Exercise directions ▸ Return the entries below in their exact form, leaving the pictures out.
Data records section start
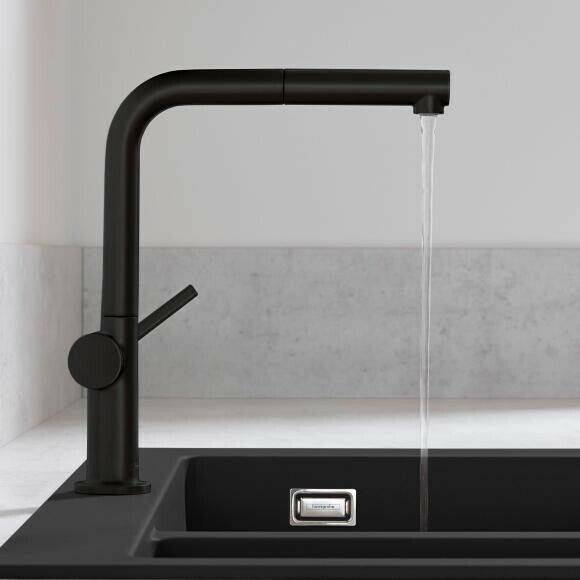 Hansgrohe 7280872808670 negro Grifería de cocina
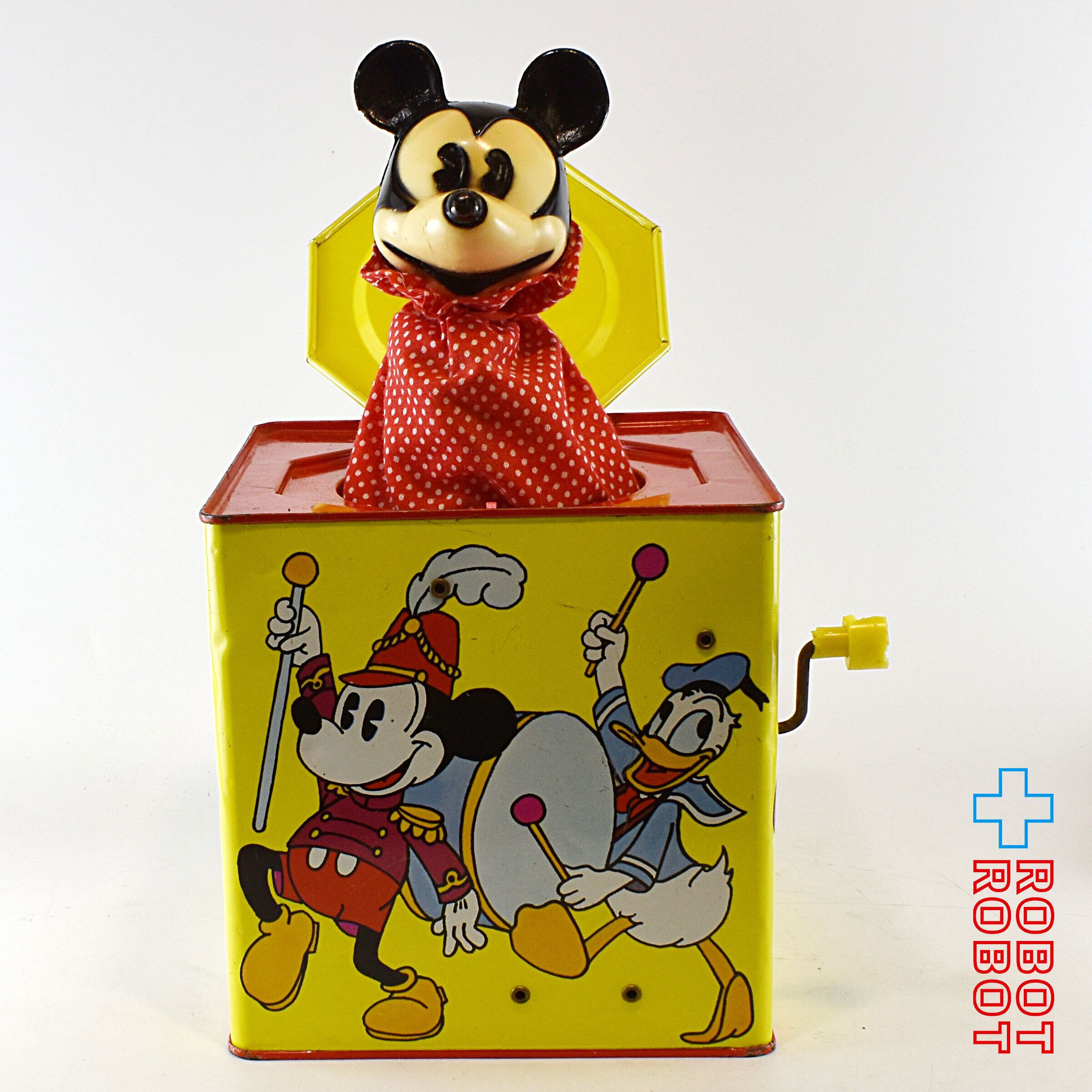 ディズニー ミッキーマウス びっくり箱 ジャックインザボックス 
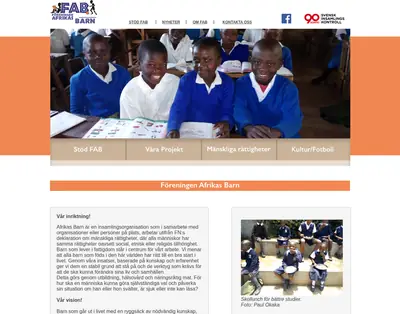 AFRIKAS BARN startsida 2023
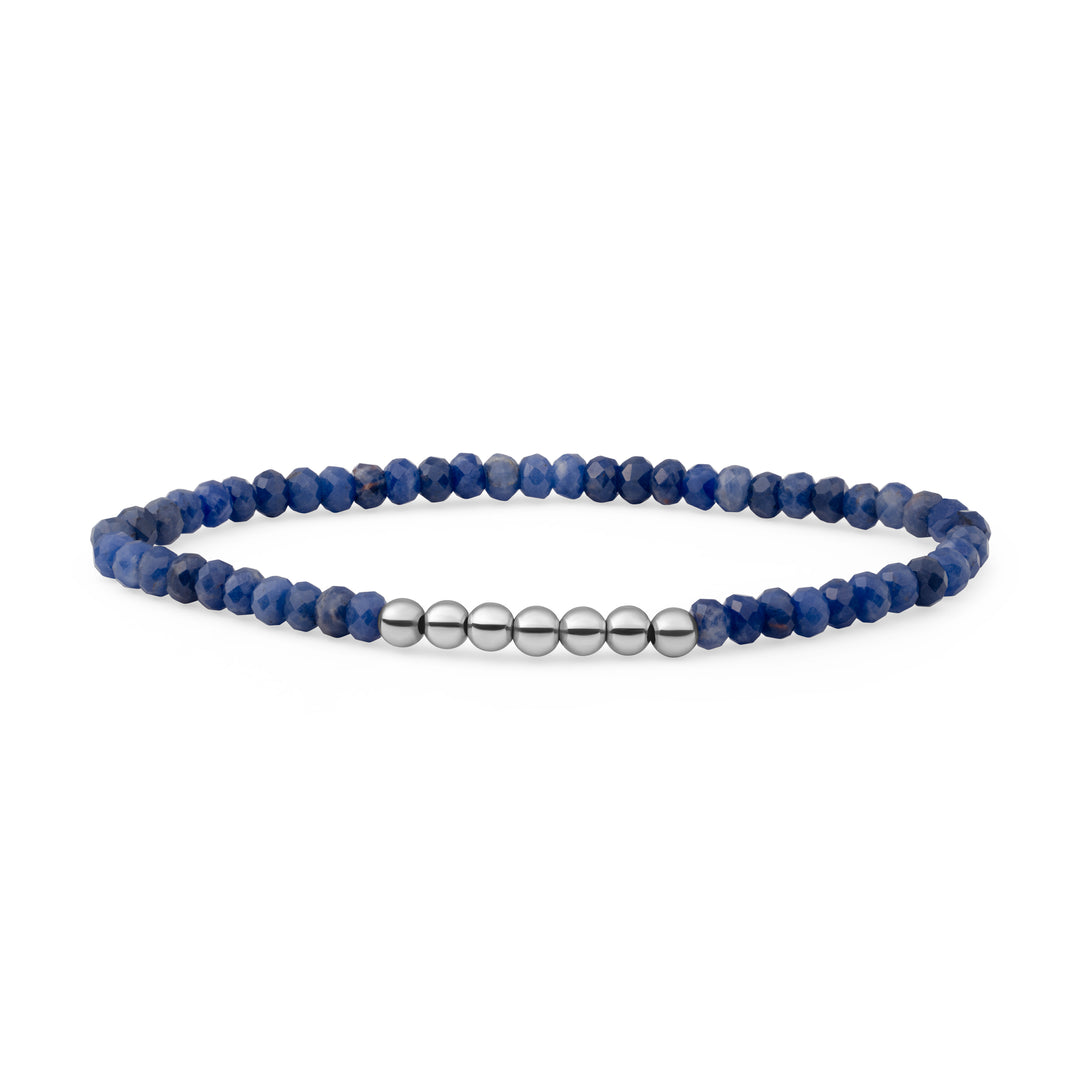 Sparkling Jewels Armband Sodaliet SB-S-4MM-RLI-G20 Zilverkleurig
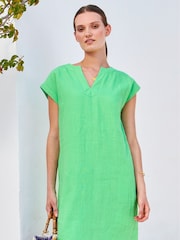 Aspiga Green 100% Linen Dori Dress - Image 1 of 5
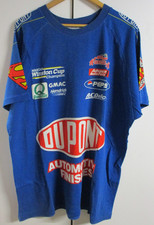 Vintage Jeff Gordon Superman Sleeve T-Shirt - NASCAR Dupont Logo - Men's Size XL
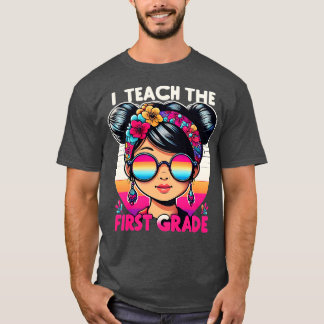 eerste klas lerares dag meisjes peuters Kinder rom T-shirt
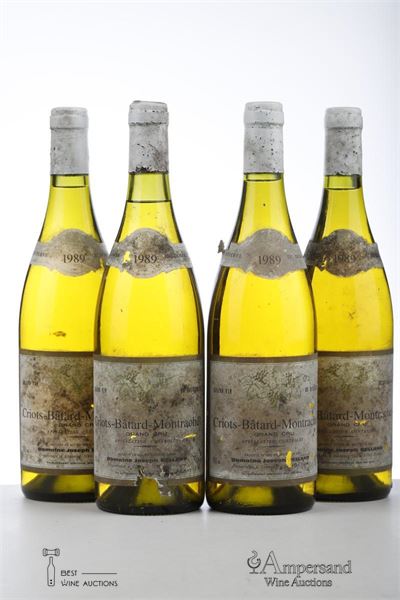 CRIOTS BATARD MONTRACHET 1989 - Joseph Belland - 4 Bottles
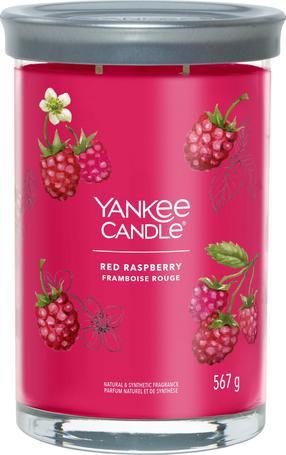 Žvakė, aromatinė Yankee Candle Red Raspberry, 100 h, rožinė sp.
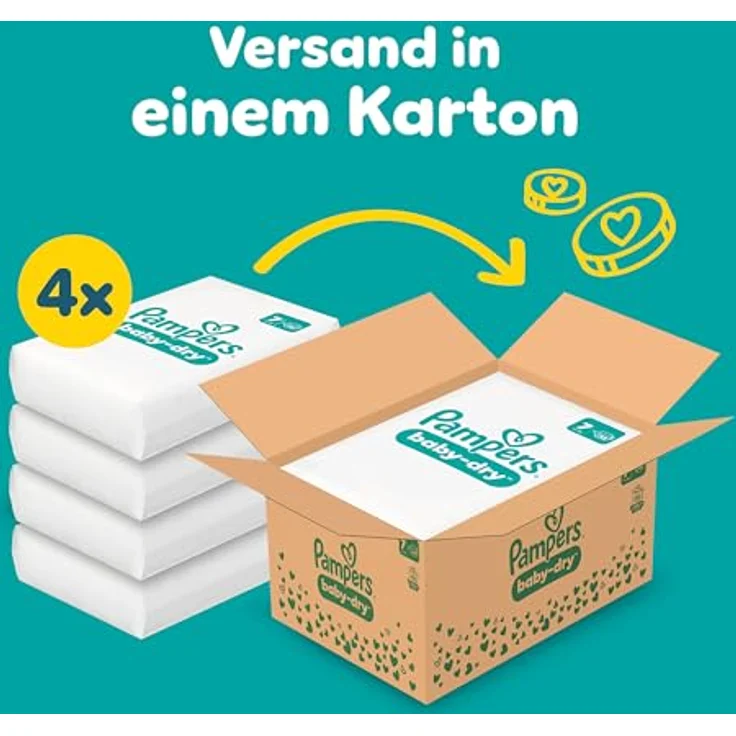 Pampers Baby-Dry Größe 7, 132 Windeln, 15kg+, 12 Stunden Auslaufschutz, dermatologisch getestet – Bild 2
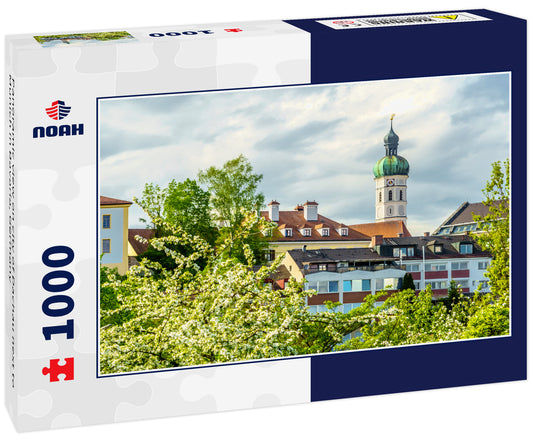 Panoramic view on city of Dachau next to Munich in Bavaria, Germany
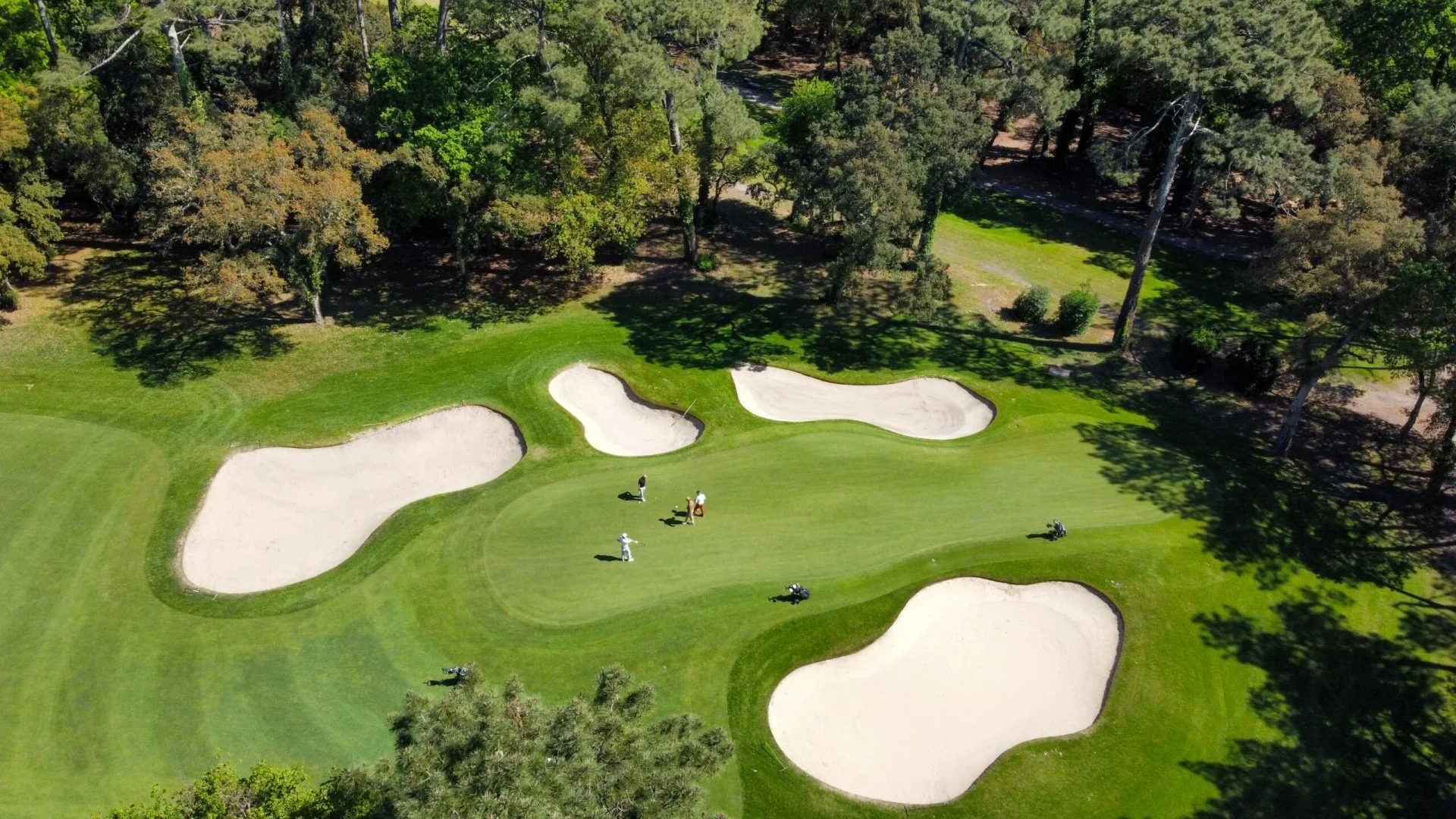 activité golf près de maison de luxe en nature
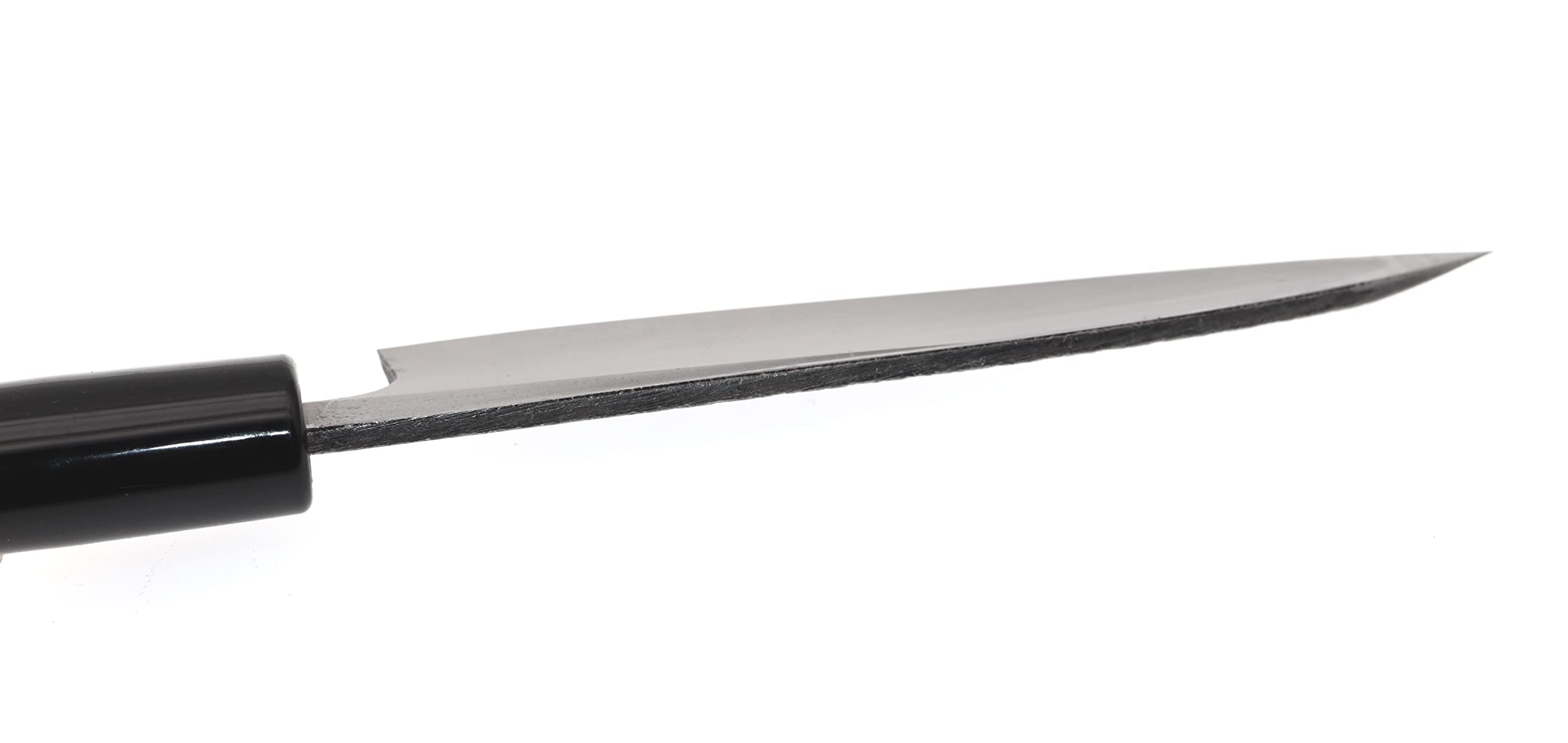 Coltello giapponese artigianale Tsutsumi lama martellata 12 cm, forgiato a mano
Data records section end
Response area ▸
 Hansgrohe 7280872808670 negro Grifería de cocina
 ディズニー ミッキーマウス びっくり箱 ジャックインザボックス 
 AFRIKAS BARN startsida 2023
 Sparkling Jewels Armband Sodaliet SB-S-4MM-RLI-G20 Zilverkleurig
 Aspiga Green 100% Linen Dori Dress - Image 1 of 5
 Vintage Jeff Gordon Superman Sleeve T-Shirt - NASCAR Dupont Logo - Men's Size XL
 eerste klas lerares dag meisjes peuters Kinder rom T-shirt
 CRIOTS BATARD MONTRACHET 1989 - Joseph Belland - 4 Bottles
 Žvakė, aromatinė Yankee Candle Red Raspberry, 100 h, rožinė sp.
 Pampers Baby-Dry Größe 7, 132 Windeln, 15kg+, 12 Stunden Auslaufschutz, dermatologisch getestet – Bild 2
 Panoramic view on city of Dachau next to Munich in Bavaria, Germany
 activité golf près de maison de luxe en nature
 Coltello giapponese artigianale Tsutsumi lama martellata 12 cm, forgiato a mano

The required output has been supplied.